Researchers at City of Hope and the University of California, Berkeley created a microfluidic platform. The platform assesses breast cancer risk at the cellular level.
It squeezes individual breast epithelial cells to measure deformation, recovery, and stress behavior. The study appears in Lancet’s eBioMedicine and highlights clinical potential. More than 90 percent of women lack genetic predisposition or family history of breast cancer. Therefore, this approach could fill a critical gap in risk assessment and save lives.

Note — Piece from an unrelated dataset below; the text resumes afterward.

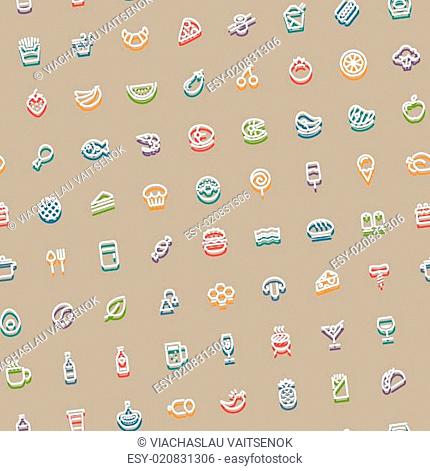 Color Tilted Seamless Pattern with Stroke Food Icons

“For women with a known genetic risk factor for breast cancer, there are things you can do like follow a higher-risk screening protocol. For everybody else, you’re left wondering, ‘Am I at high risk?’” said Mark LaBarge, Ph.D., a professor in the Department of Population Sciences at City of Hope. “By translating physical changes in cells into quantifiable data, this tool gives women something tangible to discuss with their doctors — not just risk estimates, but evidence drawn directly from their own cells.”
Researchers developed a machine learning algorithm to detect cells showing accelerated aging signs. The system calculates an individual breast cancer risk score using measurable cellular properties. Importantly, the AI platform uses simple electronics that support scalable and affordable deployment.
“Our team isn’t the first to measure the mechanical properties of cells; however, other approaches require advanced imaging technology that’s expensive, cumbersome and has limited availability,” said Lydia Sohn, Ph.D., the Almy C. Maynard and Agnes Offield Maynard Chair in Mechanical Engineering at UC Berkeley. “In contrast, MechanoAge uses computer chips that are simpler than an Apple Watch and ‘RadioShack parts’ that are cheap and easy to assemble, potentially making the device highly scalable.”
Mechanical Age and AI Risk Detection
About six percent of women with breast cancer carry known genetic mutations. However, others rely on indirect models like population data or breast density measurements. These models often overestimate or underestimate individual breast cancer risk significantly. Consequently, they may lead to over-screening, under-screening, or missed warning signs.
Currently, no non-genetic test identifies women at higher breast cancer risk early. Mammograms detect cancer only after it begins growing within breast tissue. Therefore, researchers shifted focus toward cellular-level physical changes using the MechanoAge platform.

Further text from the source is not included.